YOUR TASK
All entries need to be written out again exactly, without their pictures.

EXCERPTED DATA
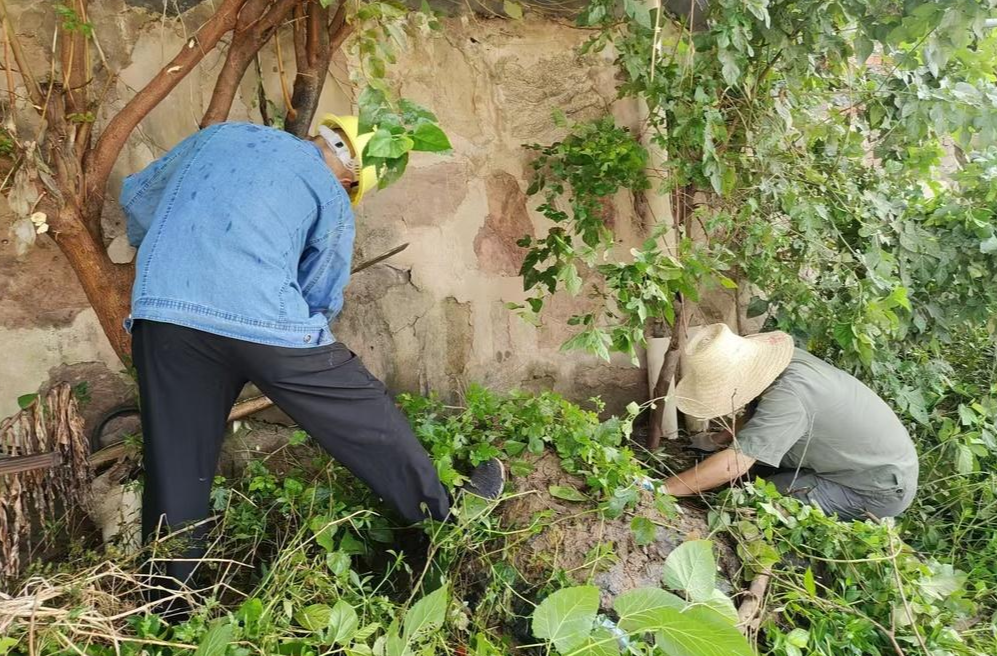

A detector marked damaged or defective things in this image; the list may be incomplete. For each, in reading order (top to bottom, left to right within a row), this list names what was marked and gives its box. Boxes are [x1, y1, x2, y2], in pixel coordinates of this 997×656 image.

cracked plaster wall [0, 0, 728, 418]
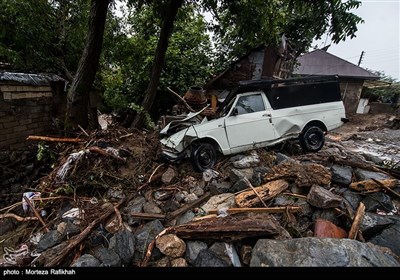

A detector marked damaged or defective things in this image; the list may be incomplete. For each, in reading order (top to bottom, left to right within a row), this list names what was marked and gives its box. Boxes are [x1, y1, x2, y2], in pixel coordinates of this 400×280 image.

damaged roof [292, 49, 380, 80]
overturned vehicle [159, 75, 346, 172]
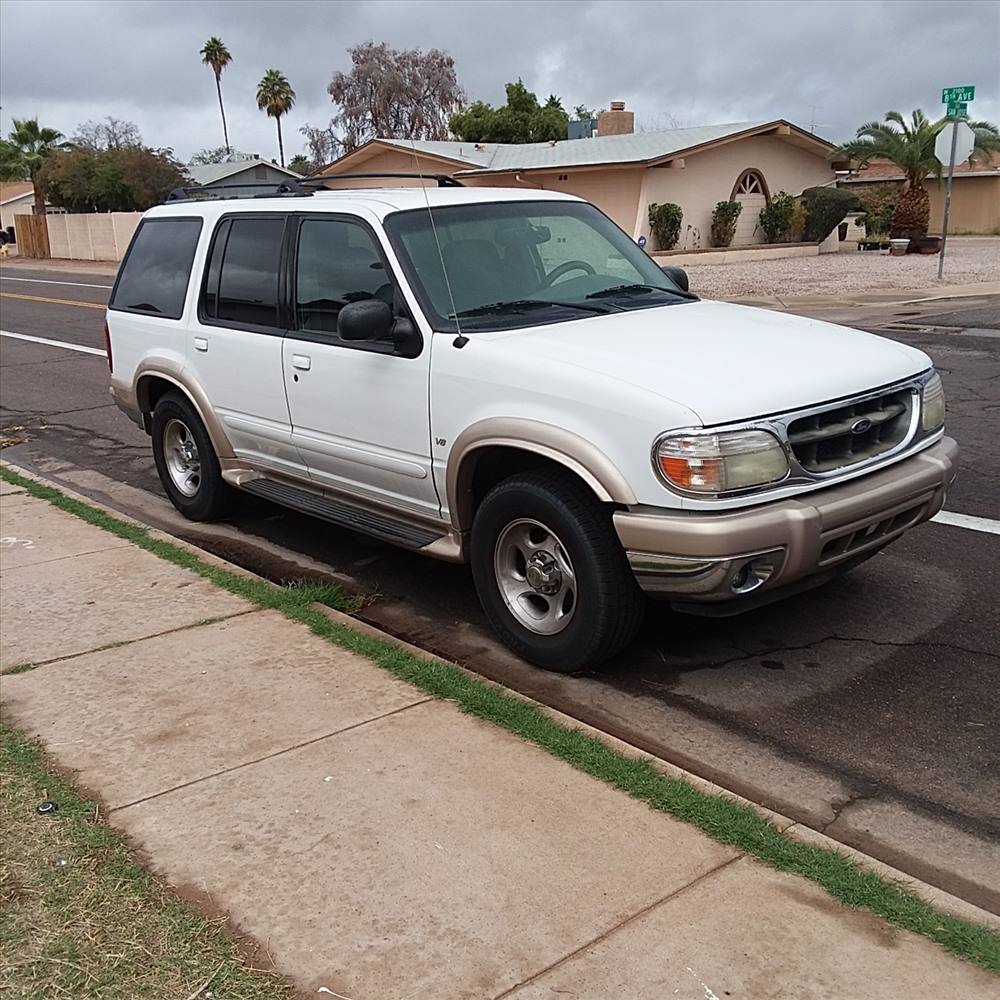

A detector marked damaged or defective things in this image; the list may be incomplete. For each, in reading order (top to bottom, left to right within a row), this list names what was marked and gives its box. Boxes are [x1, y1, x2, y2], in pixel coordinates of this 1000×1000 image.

ANSWER SPACE
A detector marked damaged or defective things in this image; the list may be incomplete. For each, in reading order (top to bottom, left to right within a row), this list names what was marked and gives its box. Boxes are [x1, y1, x2, y2], in pixel coordinates of this 997×656 image.

cracked plaster wall [0, 0, 728, 418]

A detector marked damaged or defective things in this image; the list may be incomplete. For each, in reading order (top to bottom, left to right within a row), this list names what was marked and gives its box. Boxes are [x1, y1, x2, y2], in pixel coordinates of this 400×280 image.

damaged roof [292, 49, 380, 80]
overturned vehicle [159, 75, 346, 172]

A detector marked damaged or defective things in this image; the list may be incomplete. For each, in reading order (top to bottom, left to right within a row), this list names what was marked and gives its box. Boxes are [x1, y1, x2, y2], in pixel coordinates of this 1000×1000 image.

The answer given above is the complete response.